Mayor of Rongelap Atoll
- Incumbent
- Assumed office 1995

Personal details
- Born: 1968 (age 57–58) Kwajalein, Marshall Islands
- Parents: Woodrow Matayoshi (father); Almira Ainri (mother);
- Occupation: Politician, activist
- Known for: Advocacy against nuclear weapons

= James Matayoshi =

Marshallese politician (born 1968)

James Matayoshi (born 1968) is the mayor of Rongelap Atoll in the Marshall Islands. He was appointed as Rongelap's mayor in 1995 and has served as chairman of the Marshall Islands Ports Authority since 2008. As the mayor of Rongelap, Matayoshi was noted for his activism on calling for the United States government to render assistance to Marshall Islanders suffering from radiation sickness as a result of a series of nuclear tests carried out under Operation Castle in the 1950s.

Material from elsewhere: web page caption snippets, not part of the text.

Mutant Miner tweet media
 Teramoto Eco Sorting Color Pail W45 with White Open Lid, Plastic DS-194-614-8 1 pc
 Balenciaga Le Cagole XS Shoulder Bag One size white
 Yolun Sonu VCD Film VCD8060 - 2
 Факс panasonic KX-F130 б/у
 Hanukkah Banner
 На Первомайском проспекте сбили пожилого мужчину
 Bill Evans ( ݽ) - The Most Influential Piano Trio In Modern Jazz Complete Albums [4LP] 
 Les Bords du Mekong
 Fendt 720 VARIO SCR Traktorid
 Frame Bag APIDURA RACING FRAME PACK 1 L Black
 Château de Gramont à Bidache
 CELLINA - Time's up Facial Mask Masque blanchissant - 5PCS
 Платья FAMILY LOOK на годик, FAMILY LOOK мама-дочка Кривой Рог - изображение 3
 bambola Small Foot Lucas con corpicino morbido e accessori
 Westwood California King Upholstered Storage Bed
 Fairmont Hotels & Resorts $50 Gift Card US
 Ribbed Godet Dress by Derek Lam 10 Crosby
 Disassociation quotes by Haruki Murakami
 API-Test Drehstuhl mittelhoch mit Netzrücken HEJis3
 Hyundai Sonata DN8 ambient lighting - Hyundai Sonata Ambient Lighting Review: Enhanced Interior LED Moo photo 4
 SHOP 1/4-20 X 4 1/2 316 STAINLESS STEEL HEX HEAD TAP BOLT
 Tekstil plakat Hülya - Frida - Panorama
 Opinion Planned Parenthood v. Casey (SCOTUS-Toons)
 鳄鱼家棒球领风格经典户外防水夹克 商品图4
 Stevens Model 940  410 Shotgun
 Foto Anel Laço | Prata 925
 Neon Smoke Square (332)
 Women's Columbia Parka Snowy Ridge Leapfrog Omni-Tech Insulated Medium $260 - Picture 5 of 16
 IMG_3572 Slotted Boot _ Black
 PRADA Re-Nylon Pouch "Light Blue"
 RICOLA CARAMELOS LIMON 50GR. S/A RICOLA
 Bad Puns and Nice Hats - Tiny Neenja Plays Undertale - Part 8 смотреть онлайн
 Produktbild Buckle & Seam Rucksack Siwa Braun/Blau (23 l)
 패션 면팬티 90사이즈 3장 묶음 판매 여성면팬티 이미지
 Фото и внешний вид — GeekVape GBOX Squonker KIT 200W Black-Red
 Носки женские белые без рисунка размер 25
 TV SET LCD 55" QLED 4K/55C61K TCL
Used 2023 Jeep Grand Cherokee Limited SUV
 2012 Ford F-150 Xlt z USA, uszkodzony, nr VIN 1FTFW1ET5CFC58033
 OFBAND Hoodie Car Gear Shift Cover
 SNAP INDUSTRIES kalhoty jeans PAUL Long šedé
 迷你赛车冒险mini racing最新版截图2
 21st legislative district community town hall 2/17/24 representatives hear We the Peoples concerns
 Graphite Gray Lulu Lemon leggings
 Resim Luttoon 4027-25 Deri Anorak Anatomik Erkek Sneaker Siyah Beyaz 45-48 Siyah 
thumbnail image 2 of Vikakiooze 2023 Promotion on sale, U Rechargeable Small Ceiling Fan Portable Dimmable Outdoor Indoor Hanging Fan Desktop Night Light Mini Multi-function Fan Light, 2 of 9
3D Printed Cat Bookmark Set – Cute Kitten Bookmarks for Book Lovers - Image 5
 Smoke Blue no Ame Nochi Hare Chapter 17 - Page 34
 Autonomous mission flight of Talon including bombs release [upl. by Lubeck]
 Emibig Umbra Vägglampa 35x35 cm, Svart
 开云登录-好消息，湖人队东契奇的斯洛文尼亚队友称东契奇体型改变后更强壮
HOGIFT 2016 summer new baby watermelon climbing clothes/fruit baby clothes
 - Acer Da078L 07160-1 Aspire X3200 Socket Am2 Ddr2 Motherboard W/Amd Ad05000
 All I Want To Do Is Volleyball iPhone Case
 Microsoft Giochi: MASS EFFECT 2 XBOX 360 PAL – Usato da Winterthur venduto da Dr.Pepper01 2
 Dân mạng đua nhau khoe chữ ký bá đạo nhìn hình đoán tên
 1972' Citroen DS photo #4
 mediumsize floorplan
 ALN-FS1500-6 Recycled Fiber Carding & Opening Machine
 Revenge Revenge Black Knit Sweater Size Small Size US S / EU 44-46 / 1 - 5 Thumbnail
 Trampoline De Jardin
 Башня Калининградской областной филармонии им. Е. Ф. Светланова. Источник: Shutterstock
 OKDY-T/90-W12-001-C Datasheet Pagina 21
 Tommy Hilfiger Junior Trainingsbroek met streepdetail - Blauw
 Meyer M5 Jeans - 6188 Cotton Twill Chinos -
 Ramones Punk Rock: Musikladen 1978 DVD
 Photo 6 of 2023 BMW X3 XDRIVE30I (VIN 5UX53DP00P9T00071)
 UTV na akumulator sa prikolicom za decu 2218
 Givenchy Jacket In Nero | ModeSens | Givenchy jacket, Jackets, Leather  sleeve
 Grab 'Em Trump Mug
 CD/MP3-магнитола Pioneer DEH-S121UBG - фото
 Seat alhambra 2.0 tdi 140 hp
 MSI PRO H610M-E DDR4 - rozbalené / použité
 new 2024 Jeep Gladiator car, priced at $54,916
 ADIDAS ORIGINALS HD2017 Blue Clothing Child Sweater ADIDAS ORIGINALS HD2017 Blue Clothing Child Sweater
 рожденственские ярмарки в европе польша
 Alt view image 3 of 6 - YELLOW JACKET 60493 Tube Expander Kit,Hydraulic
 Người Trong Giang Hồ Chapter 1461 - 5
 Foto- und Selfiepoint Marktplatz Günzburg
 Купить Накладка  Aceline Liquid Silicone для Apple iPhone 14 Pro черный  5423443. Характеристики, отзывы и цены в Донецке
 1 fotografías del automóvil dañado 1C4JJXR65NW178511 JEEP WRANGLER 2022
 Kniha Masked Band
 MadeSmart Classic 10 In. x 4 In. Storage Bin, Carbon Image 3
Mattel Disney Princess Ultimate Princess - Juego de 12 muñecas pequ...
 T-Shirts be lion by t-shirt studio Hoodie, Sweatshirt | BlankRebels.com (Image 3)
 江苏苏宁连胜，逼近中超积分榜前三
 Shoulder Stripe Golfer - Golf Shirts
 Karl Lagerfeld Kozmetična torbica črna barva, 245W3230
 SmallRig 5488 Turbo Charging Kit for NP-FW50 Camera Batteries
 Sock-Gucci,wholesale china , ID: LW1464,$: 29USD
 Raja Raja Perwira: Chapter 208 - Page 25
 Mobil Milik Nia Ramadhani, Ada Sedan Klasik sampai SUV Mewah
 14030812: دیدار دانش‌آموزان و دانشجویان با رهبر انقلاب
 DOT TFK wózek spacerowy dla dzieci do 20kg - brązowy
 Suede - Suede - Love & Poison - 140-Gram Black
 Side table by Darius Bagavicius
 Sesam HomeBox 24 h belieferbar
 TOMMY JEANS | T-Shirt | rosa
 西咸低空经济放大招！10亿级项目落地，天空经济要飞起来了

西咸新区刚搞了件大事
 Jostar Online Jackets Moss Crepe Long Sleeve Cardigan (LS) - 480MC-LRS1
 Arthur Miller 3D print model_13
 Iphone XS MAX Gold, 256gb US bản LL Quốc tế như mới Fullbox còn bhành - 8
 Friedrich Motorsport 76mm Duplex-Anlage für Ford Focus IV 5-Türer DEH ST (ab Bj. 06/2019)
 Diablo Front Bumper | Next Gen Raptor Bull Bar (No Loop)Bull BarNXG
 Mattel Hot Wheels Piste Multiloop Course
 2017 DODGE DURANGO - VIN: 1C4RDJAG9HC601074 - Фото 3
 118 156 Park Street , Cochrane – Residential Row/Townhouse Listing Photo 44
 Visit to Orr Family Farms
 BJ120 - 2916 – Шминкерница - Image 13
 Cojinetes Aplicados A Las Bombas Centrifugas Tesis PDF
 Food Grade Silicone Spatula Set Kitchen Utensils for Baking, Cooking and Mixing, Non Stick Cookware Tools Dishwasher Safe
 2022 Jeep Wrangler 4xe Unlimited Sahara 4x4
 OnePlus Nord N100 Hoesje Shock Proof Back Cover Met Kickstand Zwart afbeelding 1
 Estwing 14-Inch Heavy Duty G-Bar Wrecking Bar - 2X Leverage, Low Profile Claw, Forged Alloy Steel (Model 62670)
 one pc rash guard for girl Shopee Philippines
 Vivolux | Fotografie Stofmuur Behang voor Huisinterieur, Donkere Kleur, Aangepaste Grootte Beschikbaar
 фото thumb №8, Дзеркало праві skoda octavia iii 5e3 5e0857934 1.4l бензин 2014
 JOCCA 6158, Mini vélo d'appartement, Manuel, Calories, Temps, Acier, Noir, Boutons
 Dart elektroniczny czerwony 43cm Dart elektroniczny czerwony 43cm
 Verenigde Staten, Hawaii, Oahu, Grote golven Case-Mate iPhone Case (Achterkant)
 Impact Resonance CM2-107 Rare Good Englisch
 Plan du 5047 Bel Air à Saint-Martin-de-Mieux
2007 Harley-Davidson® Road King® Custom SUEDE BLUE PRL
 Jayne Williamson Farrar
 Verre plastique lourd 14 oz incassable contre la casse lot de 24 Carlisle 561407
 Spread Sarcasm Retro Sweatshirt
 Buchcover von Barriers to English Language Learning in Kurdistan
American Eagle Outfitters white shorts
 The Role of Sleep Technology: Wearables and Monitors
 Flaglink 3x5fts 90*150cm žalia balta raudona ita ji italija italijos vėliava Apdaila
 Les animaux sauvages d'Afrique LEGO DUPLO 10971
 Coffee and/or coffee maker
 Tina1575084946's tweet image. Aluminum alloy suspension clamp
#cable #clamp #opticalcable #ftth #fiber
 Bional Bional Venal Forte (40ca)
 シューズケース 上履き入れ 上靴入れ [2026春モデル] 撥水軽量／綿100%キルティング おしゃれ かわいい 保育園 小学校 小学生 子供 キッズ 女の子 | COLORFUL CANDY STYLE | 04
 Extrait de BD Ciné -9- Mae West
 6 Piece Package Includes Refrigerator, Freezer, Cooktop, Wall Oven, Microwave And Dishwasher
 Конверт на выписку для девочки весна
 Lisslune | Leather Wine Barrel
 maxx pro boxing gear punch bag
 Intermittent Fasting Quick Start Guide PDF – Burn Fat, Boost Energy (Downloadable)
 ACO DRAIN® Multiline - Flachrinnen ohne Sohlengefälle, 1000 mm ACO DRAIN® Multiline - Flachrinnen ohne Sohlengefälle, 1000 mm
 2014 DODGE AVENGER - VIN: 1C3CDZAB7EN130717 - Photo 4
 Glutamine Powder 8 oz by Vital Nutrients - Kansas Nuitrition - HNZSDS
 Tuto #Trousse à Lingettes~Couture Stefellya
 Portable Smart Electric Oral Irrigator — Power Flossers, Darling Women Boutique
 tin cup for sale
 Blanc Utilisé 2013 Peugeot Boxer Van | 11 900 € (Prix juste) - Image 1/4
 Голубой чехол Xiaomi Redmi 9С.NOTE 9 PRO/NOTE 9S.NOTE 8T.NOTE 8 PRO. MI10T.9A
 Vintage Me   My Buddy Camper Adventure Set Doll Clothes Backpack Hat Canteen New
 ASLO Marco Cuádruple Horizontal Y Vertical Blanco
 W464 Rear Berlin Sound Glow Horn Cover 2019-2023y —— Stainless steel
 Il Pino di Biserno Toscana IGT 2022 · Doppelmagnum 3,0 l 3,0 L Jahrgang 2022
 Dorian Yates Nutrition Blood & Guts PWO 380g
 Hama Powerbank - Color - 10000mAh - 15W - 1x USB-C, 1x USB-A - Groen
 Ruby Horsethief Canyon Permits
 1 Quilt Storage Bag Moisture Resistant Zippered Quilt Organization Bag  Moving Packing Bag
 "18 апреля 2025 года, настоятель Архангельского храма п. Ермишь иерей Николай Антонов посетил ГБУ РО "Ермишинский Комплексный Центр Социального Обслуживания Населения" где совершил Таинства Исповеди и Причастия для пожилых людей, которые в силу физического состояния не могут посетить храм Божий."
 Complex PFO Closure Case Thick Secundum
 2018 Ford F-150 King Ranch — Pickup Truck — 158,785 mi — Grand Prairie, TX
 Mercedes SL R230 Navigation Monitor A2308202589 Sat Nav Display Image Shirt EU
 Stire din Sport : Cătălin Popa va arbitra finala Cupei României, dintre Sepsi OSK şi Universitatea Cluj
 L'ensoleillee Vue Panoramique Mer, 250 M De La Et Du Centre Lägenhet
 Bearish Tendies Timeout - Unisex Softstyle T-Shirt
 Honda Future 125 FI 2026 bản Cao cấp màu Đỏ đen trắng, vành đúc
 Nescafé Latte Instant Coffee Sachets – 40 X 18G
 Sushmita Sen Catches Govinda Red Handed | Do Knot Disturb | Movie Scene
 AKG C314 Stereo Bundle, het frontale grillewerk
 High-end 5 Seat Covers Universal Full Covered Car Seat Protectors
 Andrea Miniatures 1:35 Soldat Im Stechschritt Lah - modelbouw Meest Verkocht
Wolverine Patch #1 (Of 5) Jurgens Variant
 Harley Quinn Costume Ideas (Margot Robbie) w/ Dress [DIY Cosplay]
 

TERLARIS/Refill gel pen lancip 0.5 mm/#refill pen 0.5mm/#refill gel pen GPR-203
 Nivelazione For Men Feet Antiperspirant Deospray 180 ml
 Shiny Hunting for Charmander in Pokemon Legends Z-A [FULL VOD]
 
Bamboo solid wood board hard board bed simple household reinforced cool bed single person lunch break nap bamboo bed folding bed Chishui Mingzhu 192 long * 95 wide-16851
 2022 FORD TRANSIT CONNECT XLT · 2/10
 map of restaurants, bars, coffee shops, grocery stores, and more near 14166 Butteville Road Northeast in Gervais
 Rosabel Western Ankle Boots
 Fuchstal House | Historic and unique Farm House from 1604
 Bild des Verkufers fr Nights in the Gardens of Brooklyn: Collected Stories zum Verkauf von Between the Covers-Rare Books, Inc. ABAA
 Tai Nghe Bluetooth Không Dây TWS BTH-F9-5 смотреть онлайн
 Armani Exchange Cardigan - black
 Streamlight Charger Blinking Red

==Early life and education==
Matayoshi was born in Kwajalein. His father, Woodrow Matayoshi, was a second-generation Japanese American from Hawaii, whose parents were immigrants from Okinawa. Matayoshi's mother, Almira Ainri, was a Marshallese from Rongelap and was an activist on issues pertaining to nuclear warfare until her death in June 2005. In her youth, Ainri was exposed to radioactive fallouts from the nuclear bomb tests, which left her with thyroid problems for the rest of her life. Two of Matayoshi's older siblings, Robert and Alex also suffered from thyroid problems as a result of the nuclear bomb tests. Ainri also suffered a miscarriage in 1955 which resulted in a stillborn child without a skeleton. In his youth, Matayoshi was educated in Hawaii, but returned to the Marshall Islands and was elected as Rongelap's mayor in 1995.

==Political career==
Since his appointment as the Mayor of Rongelap, Matayoshi campaigned vigorously for anti-nuclear causes and often attended memorial events pertaining to nuclear warfare in Japan as well as the Marshall Islands. Between 2005 and 2007, Matayoshi led lobbies against the Nuclear Claims Tribunal to provide monetary compensation to victims of nuclear bomb tests, which were targeted to be used for reconstruction efforts and facilitating resettlement in Rongelap. Japan also provided resettlement funds to Rongelap to 2005, which was motivated in part to Matayoshi's ancestral and diplomatic ties that he established with Japan.

In February 2023, The Washington Post reported that Matayoshi is under investigation by the Marshall Islands' attorney general.